- Task prompt: What you give back should be exactly the opening lines of the data, ending with the line that contains "Couverture ALFRED HITCHCOCK" and including it.

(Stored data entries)
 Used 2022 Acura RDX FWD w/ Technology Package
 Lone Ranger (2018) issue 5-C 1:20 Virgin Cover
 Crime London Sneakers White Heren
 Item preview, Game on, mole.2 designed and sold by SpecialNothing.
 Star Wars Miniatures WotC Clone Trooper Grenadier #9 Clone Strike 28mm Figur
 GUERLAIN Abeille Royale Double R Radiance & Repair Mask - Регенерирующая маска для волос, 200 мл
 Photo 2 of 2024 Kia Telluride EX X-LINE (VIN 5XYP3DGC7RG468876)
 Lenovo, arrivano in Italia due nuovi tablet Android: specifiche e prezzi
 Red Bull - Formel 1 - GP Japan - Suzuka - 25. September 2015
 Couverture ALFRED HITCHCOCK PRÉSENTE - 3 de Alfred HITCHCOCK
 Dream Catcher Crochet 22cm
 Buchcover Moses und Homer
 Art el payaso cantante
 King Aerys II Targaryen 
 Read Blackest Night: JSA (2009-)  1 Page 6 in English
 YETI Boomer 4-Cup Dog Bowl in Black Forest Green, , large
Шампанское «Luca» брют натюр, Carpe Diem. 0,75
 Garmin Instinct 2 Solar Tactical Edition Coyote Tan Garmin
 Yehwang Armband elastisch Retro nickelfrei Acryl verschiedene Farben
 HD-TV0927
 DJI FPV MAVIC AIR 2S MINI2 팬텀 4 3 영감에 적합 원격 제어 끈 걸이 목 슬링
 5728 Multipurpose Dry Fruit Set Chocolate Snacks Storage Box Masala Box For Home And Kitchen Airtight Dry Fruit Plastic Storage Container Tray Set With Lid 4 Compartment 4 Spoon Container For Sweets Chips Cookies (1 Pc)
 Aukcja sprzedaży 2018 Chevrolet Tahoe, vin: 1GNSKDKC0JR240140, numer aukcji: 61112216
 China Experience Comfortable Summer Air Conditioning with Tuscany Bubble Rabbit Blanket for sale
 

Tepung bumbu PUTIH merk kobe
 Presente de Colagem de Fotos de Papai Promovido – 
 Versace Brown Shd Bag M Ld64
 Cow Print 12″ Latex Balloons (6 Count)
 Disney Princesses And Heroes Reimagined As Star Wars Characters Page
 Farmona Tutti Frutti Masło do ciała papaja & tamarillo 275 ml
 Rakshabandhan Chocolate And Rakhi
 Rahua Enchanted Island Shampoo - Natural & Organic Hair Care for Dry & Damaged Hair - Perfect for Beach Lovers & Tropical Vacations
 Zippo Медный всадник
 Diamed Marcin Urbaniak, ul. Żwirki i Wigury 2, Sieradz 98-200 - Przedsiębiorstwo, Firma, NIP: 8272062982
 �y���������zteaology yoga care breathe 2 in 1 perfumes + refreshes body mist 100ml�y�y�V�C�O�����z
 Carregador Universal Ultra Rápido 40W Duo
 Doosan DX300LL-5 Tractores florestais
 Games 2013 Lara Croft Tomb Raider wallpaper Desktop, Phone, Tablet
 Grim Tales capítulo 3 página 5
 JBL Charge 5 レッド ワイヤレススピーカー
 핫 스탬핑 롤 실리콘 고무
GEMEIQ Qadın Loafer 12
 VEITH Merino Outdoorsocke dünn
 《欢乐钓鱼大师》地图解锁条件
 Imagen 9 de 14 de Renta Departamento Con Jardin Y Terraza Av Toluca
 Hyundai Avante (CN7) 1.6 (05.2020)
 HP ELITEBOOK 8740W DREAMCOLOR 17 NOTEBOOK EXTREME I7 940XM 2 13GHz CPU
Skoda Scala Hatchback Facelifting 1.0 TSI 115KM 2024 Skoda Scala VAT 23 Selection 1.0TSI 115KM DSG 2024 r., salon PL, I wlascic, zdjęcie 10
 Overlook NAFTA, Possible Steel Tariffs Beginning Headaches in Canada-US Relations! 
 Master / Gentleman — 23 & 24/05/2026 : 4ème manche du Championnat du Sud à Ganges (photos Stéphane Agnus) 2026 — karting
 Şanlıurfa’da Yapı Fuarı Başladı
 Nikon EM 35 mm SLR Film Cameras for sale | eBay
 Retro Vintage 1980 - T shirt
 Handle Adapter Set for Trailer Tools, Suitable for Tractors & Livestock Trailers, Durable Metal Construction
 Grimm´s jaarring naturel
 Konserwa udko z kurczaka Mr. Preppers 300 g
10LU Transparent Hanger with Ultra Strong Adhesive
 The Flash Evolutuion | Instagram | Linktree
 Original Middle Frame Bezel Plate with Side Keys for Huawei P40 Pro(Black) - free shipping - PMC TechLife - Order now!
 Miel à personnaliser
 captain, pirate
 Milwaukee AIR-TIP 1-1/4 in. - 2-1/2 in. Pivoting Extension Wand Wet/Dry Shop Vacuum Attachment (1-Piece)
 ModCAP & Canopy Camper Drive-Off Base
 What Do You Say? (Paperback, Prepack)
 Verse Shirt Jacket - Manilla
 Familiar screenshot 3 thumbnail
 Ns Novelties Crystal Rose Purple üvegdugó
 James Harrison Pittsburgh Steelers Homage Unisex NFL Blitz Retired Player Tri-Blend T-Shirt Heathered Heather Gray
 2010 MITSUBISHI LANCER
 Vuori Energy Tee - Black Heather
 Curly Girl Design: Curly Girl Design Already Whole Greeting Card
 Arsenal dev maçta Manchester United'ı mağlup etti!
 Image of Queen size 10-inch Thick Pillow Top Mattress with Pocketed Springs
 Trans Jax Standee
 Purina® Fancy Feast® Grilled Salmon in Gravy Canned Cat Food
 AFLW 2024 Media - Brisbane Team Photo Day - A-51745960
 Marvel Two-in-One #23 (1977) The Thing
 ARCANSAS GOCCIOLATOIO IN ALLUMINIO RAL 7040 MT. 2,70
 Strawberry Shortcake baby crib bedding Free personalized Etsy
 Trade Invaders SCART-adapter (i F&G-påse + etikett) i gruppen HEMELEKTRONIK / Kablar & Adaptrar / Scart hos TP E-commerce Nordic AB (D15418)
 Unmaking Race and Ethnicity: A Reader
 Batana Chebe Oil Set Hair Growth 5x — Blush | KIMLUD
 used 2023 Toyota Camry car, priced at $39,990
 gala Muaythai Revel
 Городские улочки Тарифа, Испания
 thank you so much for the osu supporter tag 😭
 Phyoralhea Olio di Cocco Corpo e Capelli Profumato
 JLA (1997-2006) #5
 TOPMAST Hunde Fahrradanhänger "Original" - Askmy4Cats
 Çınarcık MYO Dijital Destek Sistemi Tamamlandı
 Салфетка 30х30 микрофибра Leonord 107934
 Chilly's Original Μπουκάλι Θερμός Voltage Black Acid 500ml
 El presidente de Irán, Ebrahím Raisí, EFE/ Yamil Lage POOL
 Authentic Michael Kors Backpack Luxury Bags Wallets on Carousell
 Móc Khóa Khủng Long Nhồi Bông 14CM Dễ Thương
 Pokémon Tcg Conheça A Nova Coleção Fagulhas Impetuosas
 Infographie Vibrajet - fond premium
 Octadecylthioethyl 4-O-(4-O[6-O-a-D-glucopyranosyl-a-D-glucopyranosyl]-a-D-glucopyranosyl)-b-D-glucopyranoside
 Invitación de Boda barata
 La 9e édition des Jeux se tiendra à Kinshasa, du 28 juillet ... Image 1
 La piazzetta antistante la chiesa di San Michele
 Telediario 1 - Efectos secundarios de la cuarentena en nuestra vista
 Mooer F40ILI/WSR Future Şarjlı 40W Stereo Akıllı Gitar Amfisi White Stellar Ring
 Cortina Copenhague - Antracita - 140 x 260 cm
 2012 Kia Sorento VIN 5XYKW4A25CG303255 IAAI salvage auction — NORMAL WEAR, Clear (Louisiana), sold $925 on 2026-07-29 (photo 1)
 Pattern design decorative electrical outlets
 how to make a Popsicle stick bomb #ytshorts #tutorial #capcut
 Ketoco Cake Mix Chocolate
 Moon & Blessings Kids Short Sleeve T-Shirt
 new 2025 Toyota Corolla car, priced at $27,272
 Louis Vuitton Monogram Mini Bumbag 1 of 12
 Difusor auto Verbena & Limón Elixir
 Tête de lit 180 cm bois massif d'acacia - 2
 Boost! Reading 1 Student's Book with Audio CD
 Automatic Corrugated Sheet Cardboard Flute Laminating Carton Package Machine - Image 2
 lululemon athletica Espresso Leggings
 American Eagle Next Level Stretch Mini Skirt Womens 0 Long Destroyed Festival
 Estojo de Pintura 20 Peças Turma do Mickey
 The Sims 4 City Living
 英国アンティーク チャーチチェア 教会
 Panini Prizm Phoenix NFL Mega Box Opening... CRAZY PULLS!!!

- Answer to the problem:
 Used 2022 Acura RDX FWD w/ Technology Package
 Lone Ranger (2018) issue 5-C 1:20 Virgin Cover
 Crime London Sneakers White Heren
 Item preview, Game on, mole.2 designed and sold by SpecialNothing.
 Star Wars Miniatures WotC Clone Trooper Grenadier #9 Clone Strike 28mm Figur
 GUERLAIN Abeille Royale Double R Radiance & Repair Mask - Регенерирующая маска для волос, 200 мл
 Photo 2 of 2024 Kia Telluride EX X-LINE (VIN 5XYP3DGC7RG468876)
 Lenovo, arrivano in Italia due nuovi tablet Android: specifiche e prezzi
 Red Bull - Formel 1 - GP Japan - Suzuka - 25. September 2015
 Couverture ALFRED HITCHCOCK PRÉSENTE - 3 de Alfred HITCHCOCK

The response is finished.